Like Server Visibility Agents, Network Agents support Dynamic Monitoring Mode (DMM). Rather than have all Network Agents report all metrics all the time, you can run each Agent in one of three modes:

  • KPI Mode – Network KPI metrics for all monitored objects (application flows, tiers, nodes, and network links) except individual connections
  • Diagnostic Mode – Network KPI metrics for all monitored objects, including connections
  • Advanced Diagnostic Mode – All network metrics for all monitored objects, including connections

Every Network Visibility metric has a default DMM class (KPI, Diagnostic, and Advanced Diagnostic). See Network Visibility Metrics

By default, all Network Agents run in KPI mode. The recommended workflow is to: 

  1. Run all Network Agents in KPI mode. 
  2. When you notice a performance issue on a specific node or network link, increase the metric level on the associated Network Agents to Diagnostic, and collect KPI metrics for the connections.
  3. Based on the connection KPIs, identify the connections with performance issues.
  4. To troubleshoot an individual connection, increase the metric level on the associated Network Agents to Advanced Diagnostic, and collect advanced metrics for the connection. 
  5. When the issue is resolved, reset the Agents back to KPI mode.

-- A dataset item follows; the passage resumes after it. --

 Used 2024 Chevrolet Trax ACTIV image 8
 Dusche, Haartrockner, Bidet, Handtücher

Change the DMM on a Network Agent

  1. Click the gear icon () in the top-right corner of the Controller page, select AppDynamics Agents, and go to the Network Visibility Agents table.
  2. Select the Agents of interest, right-click, and select Change Dynamic Monitoring Mode

The Network Agent retains its DMM setting even if the Agent is stopped and restarted. See Managing Network Agents in the Controller.

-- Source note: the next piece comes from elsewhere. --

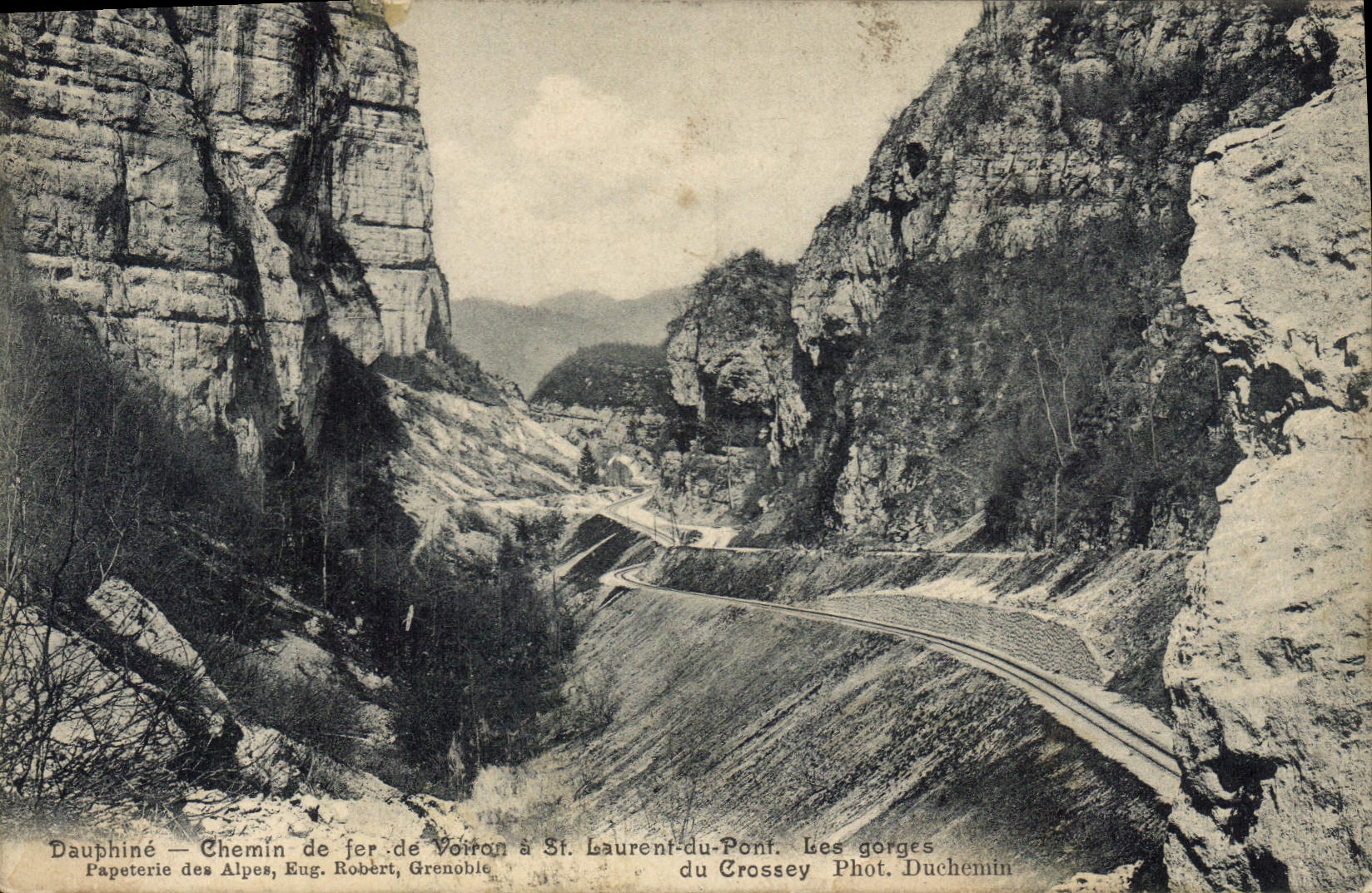 Dauphiné — Chemin de fer de Voiron à St. Laurent-du-Pont. Les gorges du Crossey — Phot. Duchemin, Grenoble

Connection Diagnostics and Network Bottlenecks

Network Agents can collect an extensive set of individual connection metrics within a network link. Network Visibility can detect these TCP performance issues:

  • The data-receive window is too small (or zero) on the client or the server, which slows down the transfer of data. 
  • One or more servers are experiencing errors setting up or tearing down the connection for an individual TCP session.
  • The client and server take a long time to set up an individual session.
  • The application is using many short-lived connections. TCP is most efficient when long, stable connections are used.
  • Some TCP sessions have unusually high round-trip times (RTTs). When TCP is performing well, RTTs are stable and determined by the network path between two nodes. 

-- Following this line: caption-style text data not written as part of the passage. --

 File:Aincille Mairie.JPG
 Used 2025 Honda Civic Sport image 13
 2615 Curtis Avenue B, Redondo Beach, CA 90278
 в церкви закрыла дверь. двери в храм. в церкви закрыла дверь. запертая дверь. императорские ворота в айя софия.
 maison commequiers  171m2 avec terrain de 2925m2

The Network Agent does not collect any connection metrics in KPI mode (the default setting). To diagnose a node or network path that is monitored by an Agent, you can change the Dynamic Monitoring Mode on a Network Agent.

Example Workflow

After you complete the initial setup, you can set the Dynamic Monitoring Mode on individual Network Agents, as needed. This is an example workflow:

  • The DevOps team for a large enterprise monitors its IT infrastructure using Network Agents on critical servers. All Agents are initially set to KPI mode. 
  • The Network Dashboard shows a spike in latency on a network link between tier-A and tier-B.
  • A DevOps team member:
    • Sets the Network Agent DMM on the tier-A and tier-B servers to Diagnostic. 
    • Collects KPI metrics for the connections between the tier-A and tier-B nodes.
    • Identifies one high-latency connection between nodes TA-N1 and TB-N3, based on the Connection KPIs. The KPIs for all other connections are within acceptable bounds. 
    • Sets the Network Agent DMM on TA-N1 and TB-N3 to Advanced Diagnostic, and the DMM on all other Agents to KPI.
    • Notes a set of spikes in Nagle delays on this connection. These spikes correspond to the latency spikes noticed on the network link.
    • Reconfigures TCP on the two nodes, and monitors the connection. The Nagle and latency spikes no longer occur. 
    • Resets DMM on the TA-N1 and TB-N3 Agents back to KPI.